I try to structure their goals so that they represent growth and development and achievement in all three of those areas.
One thing I also believe in is when you give a person responsibility, you also give them budget money to live that out. And so I think it’s very important, as you give people responsibility, to give them the opportunity to spend money and plan for the expenditure of money and report on the expenditure of money toward the goals that they set.
Q: Are there any particular issues in bringing along and developing younger leaders?
I don’t really want to generalize by age too much. One of the things I am very interested in is maintaining the idea that all of us are in different life stages and that, as a staff, a part of developing leadership is helping people embrace and love the time of life that they’re in.
Right now I have several staff members that have preschool children or newborn children, and I want to be clear with them that I understand what time of life they’re in, what that means in terms of demands or time structure.
I want them to come to work as the mother of a 2-year-old or the father of a newborn. I want them to come to work as that person, and not have that be something where they feel like they have to juggle their life on the side and then rush in here and pretend they’re somebody else.
Q: What was your own development as a leader? What experiences are you drawing from, now that you are in a position of guiding other people in their development?
One thing is that I was given responsibility, and was expected to show performance indicators for that responsibility, when I was teaching at Stephen F. Austin University in Nacogdoches. I was a graduate student, but I was also an employee, and I was given responsibility for a study-skills program for students.

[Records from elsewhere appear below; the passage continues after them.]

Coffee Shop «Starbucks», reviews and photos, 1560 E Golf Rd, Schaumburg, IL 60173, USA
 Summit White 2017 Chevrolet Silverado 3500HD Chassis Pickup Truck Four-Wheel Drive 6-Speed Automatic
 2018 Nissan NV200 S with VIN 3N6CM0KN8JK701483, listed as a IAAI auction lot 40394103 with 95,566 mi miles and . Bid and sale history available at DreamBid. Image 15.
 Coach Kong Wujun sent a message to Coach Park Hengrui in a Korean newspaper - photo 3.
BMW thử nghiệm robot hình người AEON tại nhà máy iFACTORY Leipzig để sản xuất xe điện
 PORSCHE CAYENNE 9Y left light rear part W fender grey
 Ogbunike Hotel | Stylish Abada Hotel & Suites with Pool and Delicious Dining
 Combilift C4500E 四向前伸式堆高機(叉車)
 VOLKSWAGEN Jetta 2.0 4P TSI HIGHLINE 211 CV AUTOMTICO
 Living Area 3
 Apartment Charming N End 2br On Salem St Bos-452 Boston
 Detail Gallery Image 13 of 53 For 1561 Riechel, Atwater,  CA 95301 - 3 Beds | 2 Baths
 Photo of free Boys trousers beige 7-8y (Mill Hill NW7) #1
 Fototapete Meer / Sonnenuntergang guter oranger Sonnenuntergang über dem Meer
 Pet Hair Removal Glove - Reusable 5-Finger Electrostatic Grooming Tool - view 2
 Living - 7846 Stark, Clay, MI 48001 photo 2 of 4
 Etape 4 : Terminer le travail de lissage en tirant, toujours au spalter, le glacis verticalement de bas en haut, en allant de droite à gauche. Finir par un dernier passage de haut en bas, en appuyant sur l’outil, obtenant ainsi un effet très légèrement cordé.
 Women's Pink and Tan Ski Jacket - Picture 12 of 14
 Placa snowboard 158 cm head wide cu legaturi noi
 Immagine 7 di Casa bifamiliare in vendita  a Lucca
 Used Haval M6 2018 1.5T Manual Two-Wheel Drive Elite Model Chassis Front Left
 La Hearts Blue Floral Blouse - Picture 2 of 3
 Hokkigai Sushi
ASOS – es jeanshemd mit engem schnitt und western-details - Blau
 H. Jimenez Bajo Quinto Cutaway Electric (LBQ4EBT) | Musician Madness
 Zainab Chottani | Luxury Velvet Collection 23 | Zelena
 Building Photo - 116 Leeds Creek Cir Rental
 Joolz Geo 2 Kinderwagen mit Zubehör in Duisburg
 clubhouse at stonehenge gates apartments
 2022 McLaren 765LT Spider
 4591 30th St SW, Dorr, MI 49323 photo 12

I was expected to show indicators and benchmarks for that program and manage the schedule and things like that, so I had the expectation that if you’re given the responsibility, you’re also expected to show results, and that those things go together.
Q: Did you have a mentor?
I had a wonderful mentor, Dr. Beverly Young. She helped me become involved in professional associations. She said, “Go ahead, volunteer to be the treasurer! Nobody ever wants to be the treasurer or the secretary or whatever -- just volunteer for that job, and you’ll have an opportunity for leadership.” And she was right about that.
That was very formative for me. Professional organizations, as volunteer organizations, allow you a lot of latitude for expressing leadership gifts. And it was still a pioneer era for women in leadership. Becoming an officer of that professional organization gave me standing that I would never have gotten.
It gave me an opportunity to do a lot of public speaking, to interface with a lot of other leaders, to then connect to global organizations. So that’s one of the reasons that today I’m heading up a nonprofit volunteer organization.
There are a lot of people involved in the Cooperative Baptist Fellowship [for whom] this is a place to express their leadership. Whether they’re on an advisory council or leading a church engagement network for global missions or teaching in a pastor school in Romania or in China, they’re expressing tremendous leadership skills through a nonprofit network.
Q: So that’s how you developed as a leader, and you see yourself as providing similar kinds of opportunities.
Right. That’s really a beautiful gateway, to me, when I look at this organization and take note of the assets that are spread throughout our community -- these wonderful, talented people. How can I help open the doors for them to go share their gifts?